Suppose you want to fit a function to a particular data set, and you have some theoretical reason to believe the function should have some properties. Let’s for the moment assume we’re fitting a function on the standard Chebyshev domain [1,1] because it avoids some complications.

Here are some examples of the kinds of information we might have:

  1. We think the function near the left endpoint should be not far from say 0.0, and on the right endpoint not far from 1.0.
  2. The function is strictly positive
  3. The function has non-negative derivative
  4. The function should be near 0.3 at 0.0

I’m representing this function as a 5th order Chebyshev series using ApproxFun, and I can impose the conditions in 1 and 4 no problem with addlogprob!

coefs ~ MvNormal(zeros(6),1000.0.*I(6))
f = Fun(Chebyshev(),coefs)
Turing.addlogprob!(logpdf(Gamma(3,.01/2),f(-1.0)) # function near -1 is near 0
Turing.addlogprob!(logpdf(Gamma(20,1.0/19),f(1.0)) # function near 1 is near 1.0
Turing.addlogprob!(logpdf(Gamma(20,0.3/19),f(0.0)) # function near 0 is near 0.30

Ideally what I’d like to do for condition (2) and (3) is to integrate a function like:

lpp(x) = 10*(logistic((x-0.01)/.01)-1)

Which is kind of a smooth step function, it goes very negative for negative quantities, and is near 0 for positive quantities. I’d then add this to the log probability and down-weight any functions that spend any time with negative values…

val,prec = quadgk(x->lpp(f(x)),-1,1)
Turing.@addlogprob!(val) ## imposing condition 2 approximately

But so far that doesn’t work right

What’s the best way to impose these kind of integral based conditions in Turing? There are a number of issues:

  1. Interaction with gradients in Turing?
  2. Numerical stability?
  3. Type compatibility.

I’ve tried a number of ideas, and would be happy to give details of how it failed, but first I thought maybe I’d see if anyone has some idea of the “canonical” way to utilize numerical integration results inside Turing?

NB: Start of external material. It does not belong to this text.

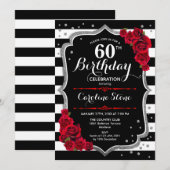 60e Verjaardagsuitnodiging Zwart Wit Strepen Rozen Kaart (Voorkant / Achterkant)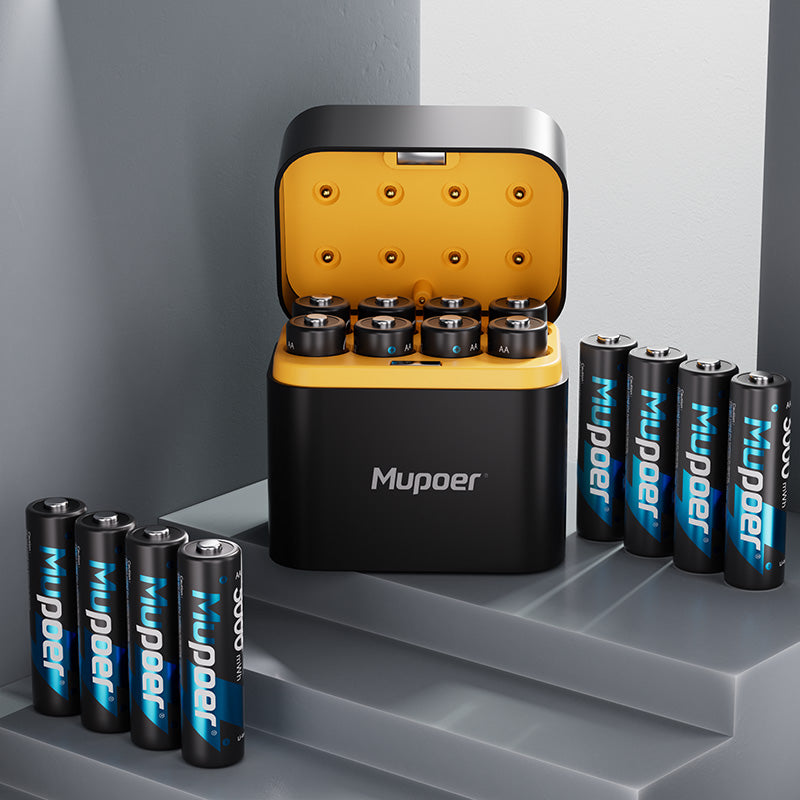 Mupoer® PowerPro AA Li-ion Batteries - 3000mWh 1.5V Rechargeable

See e.g. numerical methods - How can I find a non-negative interpolation function? - Mathematics Stack Exchange

In particular, it’s easy to constrain a function f(x) to be nonnegative by expressing it as f(x) = p(x)^2 where p(x) is your ApproxFun (or whatever) function.

Yes, I certainly have thought about modeling the logarithm for example. But that doesn’t really help with the non-negative derivative condition. I could model the logarithm of the derivative, but then I need to integrate to evaluate the function…

And in general, I could imagine a constraint that doesn’t look like “f > 0” at all. Like

\frac{1}{q} \int_0^q (f(x) - g(x))^2 dx = 1

One thing I tried was to fit an ApproxFun:

foo = Fun(x->lpp(f(x)),Chebyshev())
ifoo = Integrate()*foo


But this ran into some issues with the autodiff, it seemed that ApproxFun probably didn’t know what to do with the specialized types for differentiation.

I might be able to sample with a different sampler, but without NUTS it could be extremely slow to get good results.

Then I tried doing quadgk on the ApproxFun, but got some kind of NAN issues. It works in the context of the REPL but inside Turing again interaction with autodiff seems problematic. I can provide some errors if needed.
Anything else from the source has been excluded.